In his interview with Robert McCrum of the Guardian, DeLillo said his parents came from the Abruzzi, they wanted him to be an American, they had no desire for him to learn Italian.
In A Hermit in Paris, Calvino includes an essay on his visit to the United States. It was at the time when, he told his minders at Einaudi, people were excited by a book about a teenage boy by a writer called J D Salinger. He comments on the books available to immigrants. Some immigrants come from educated backgrounds; they end up having a bookstore to serve their needs. There are no Italian bookstores, he says: the Italian immigrants were illiterate peasants, they were excluded from literary culture in their country of origin and have no stake in participating in it in the new country.
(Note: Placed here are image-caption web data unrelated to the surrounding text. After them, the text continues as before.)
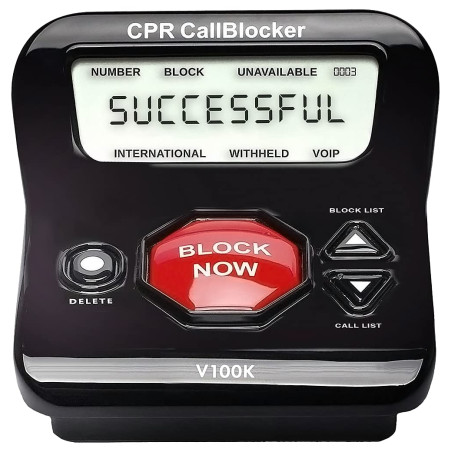 Bloqueur d'Appels CPR V100K - La Solution no.1 en France pour Les Téléphones Fixes et sans Fil. Préchargement de100,000 Numéros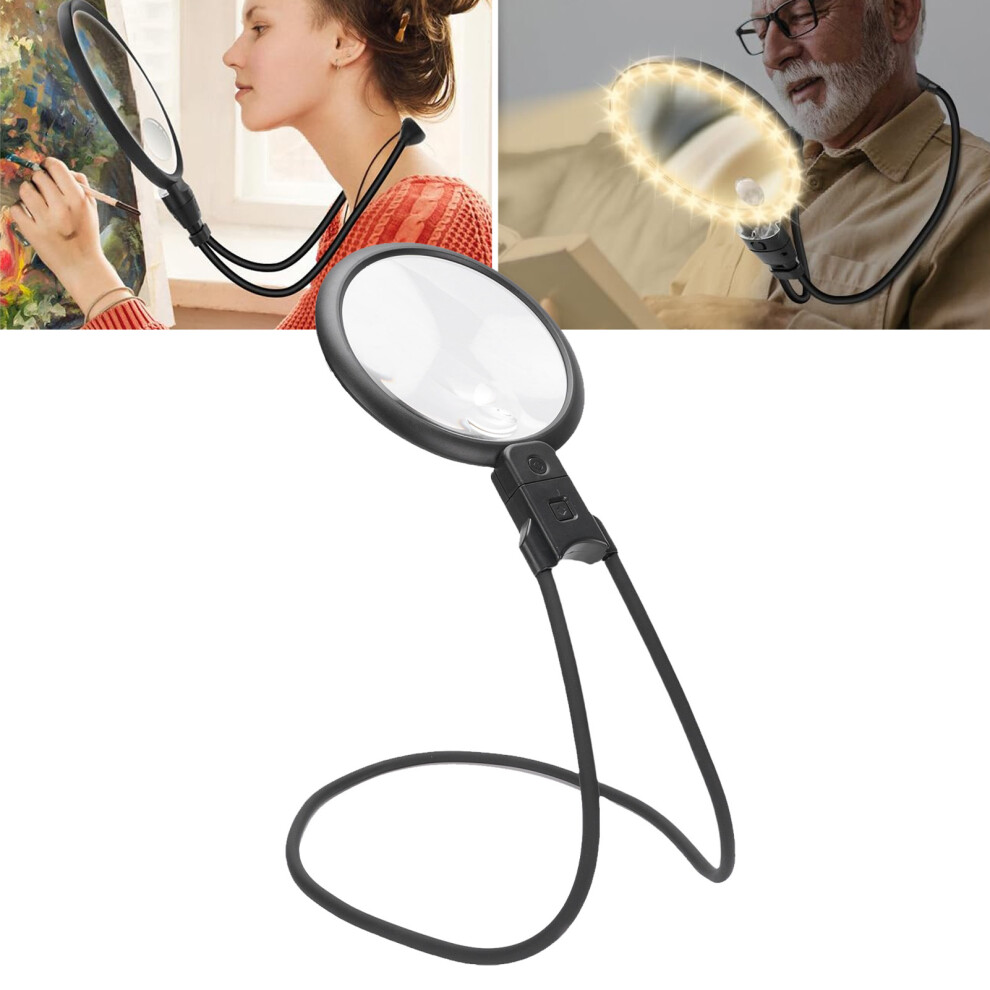 5X/15X Rechargeable Reading Magnifier With 36 Led Light, 130Mm Main Lens 8421380645117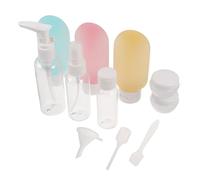 Mikikit 11piezas Botellas de Viaje Rellenables para Líquidos Pequeñas Botellas de Plástico para Cosméticos Cuidado Piel y Loción Viajes Avión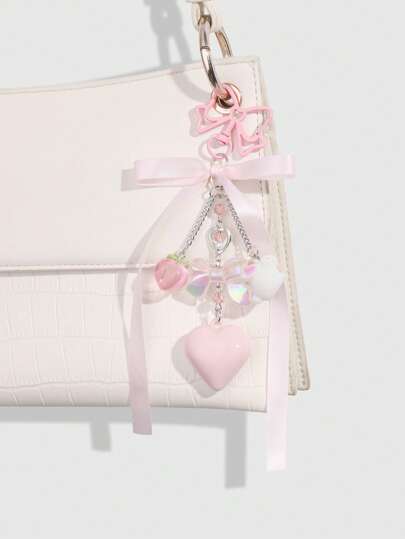 Kawaii 1 pieza Cadena de plata con colgante de conejo de acrílico en forma de lazo estilo moderno, accesorio versátil para mujer, adecuado para uso diario o como regalo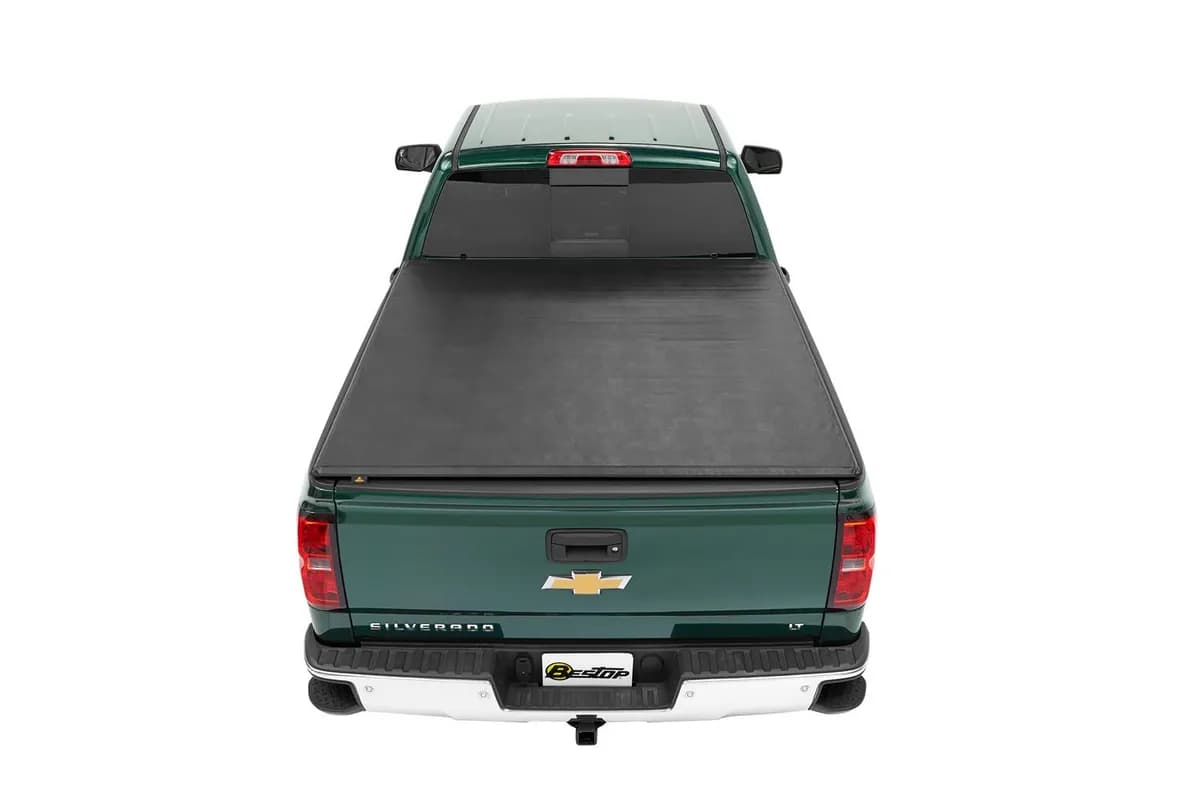 EZ-Roll Soft Tonneau Cover For 2014-2018 Silverado/Sierra 1500 8.0 Foot Black Tailgate Spoiler Not Included Bestop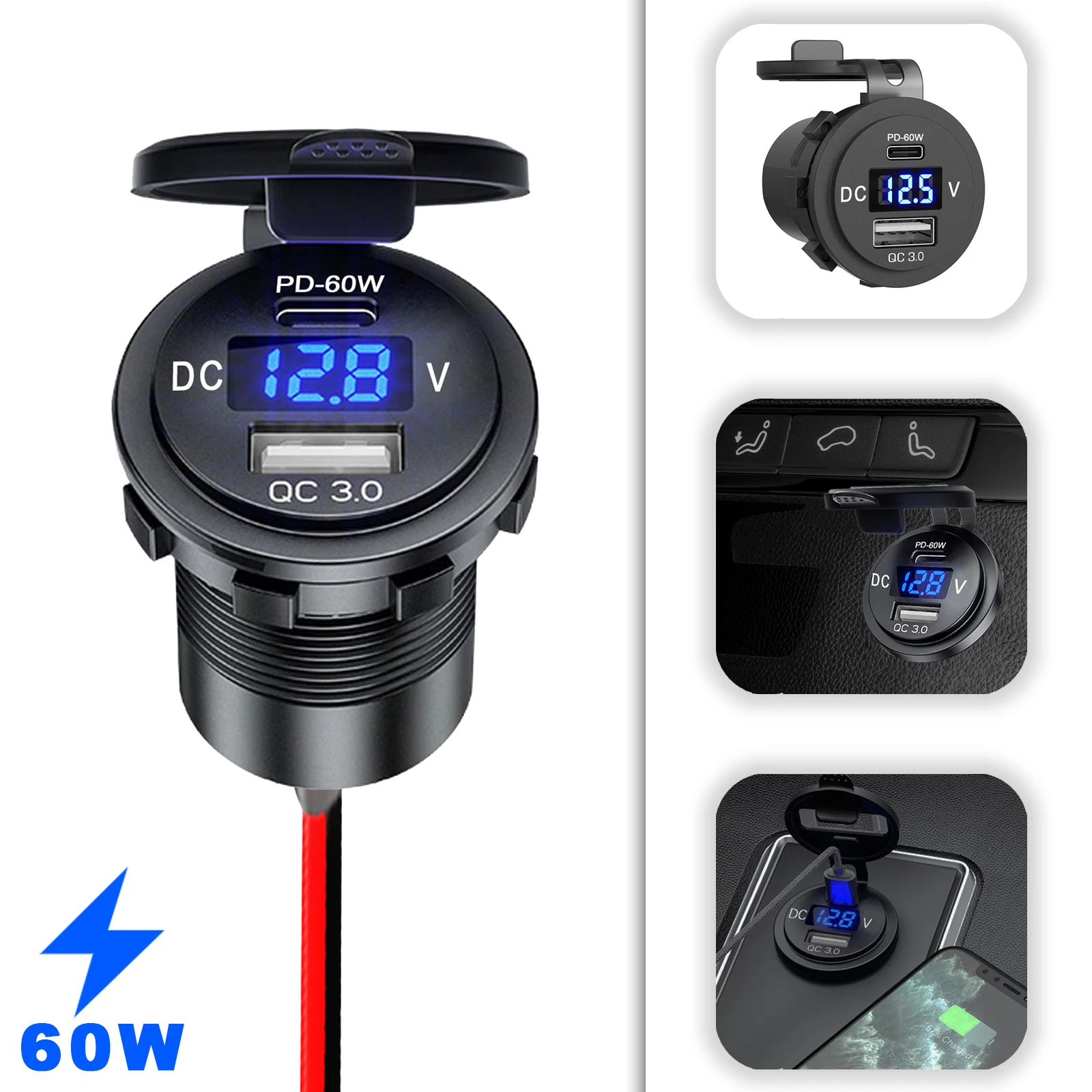 

PD 60W Fast Charger & QC 3.0 Quick Power Supply with LED Voltmeter Waterproof Dual USB Car Charger Adapter for Car Marine Truck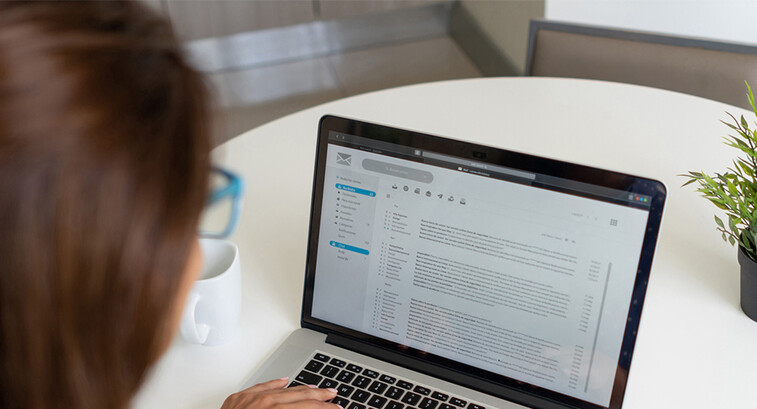 Person checking email
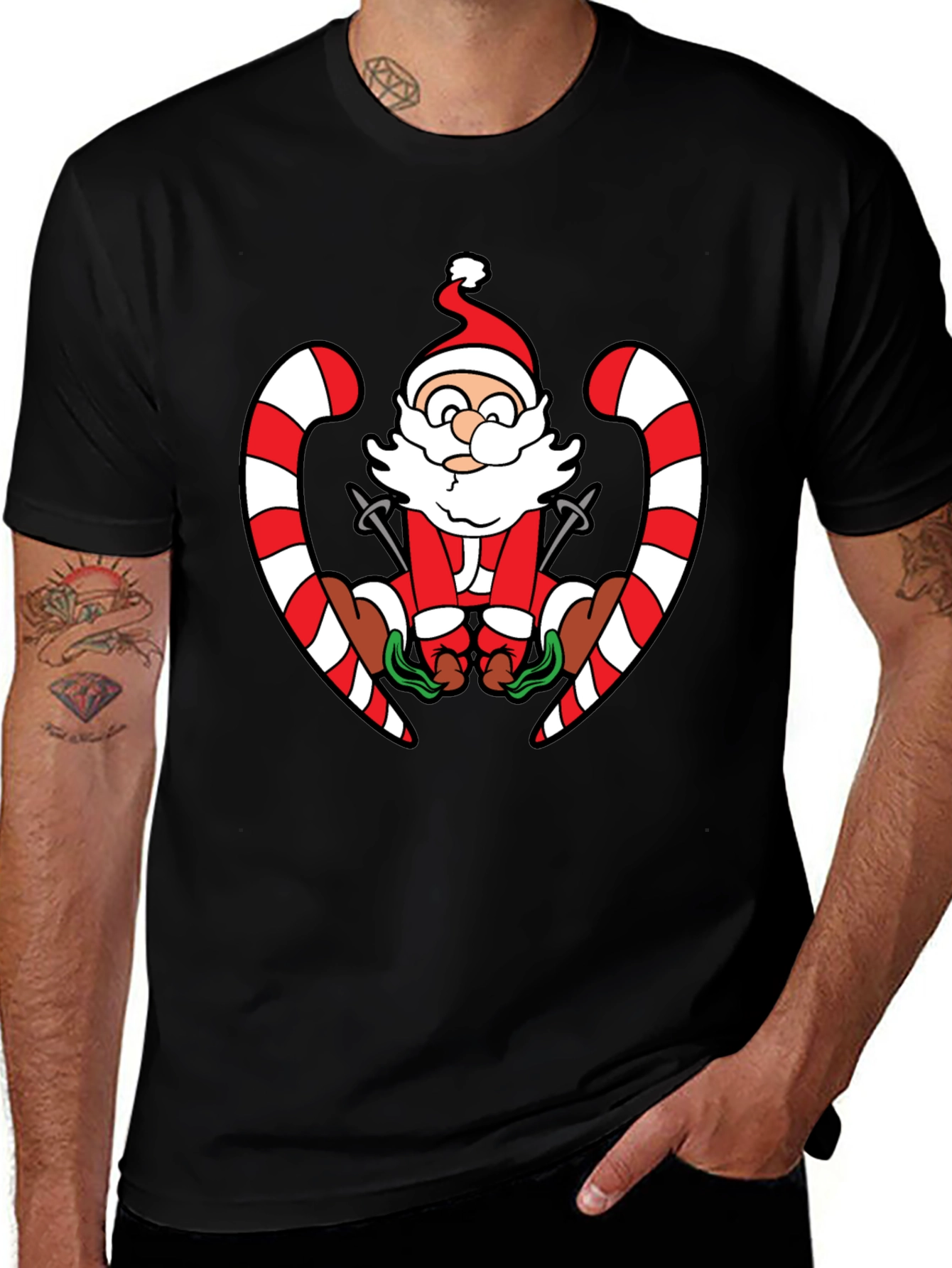 Santa Skiing Candy Cane Black T-Shirt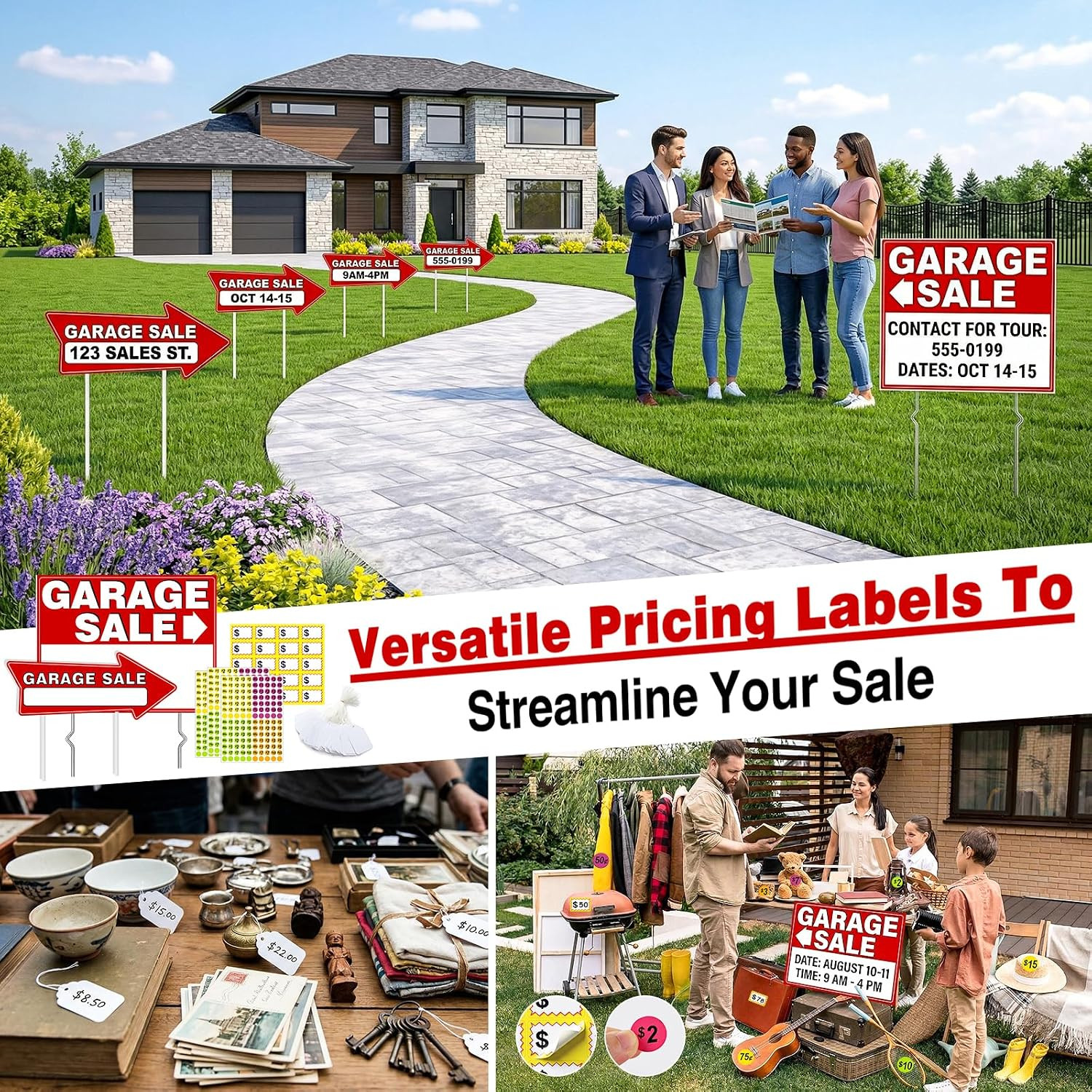 Garage Sale Signs Kit (14Pack)-17×13 Inch Large Garage Sale Sign with Metal Stak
If I remember this correctly, Jonathan Galassi, President of Farrar, Straus & Giroux, first engaged with Italian literature at Cambridge; this was a Saul-on-the-road-to-Damascus moment. (Galassi has now translated the work of both Montale and Leopardi.)
This looks like a failure of -- something. I would have said, it is not the business of, as it might be, the modestly aspiring parents of DeLillo to offer their son the sort of opportunity Galassi got as a Marshall Scholar at Cambridge. It is the business of the educational system to offer students access to the life of the mind, regardless of what their parents may be able to offer; this ought to include access to great works of literature in a language from whose cultural resources their parents had been excluded.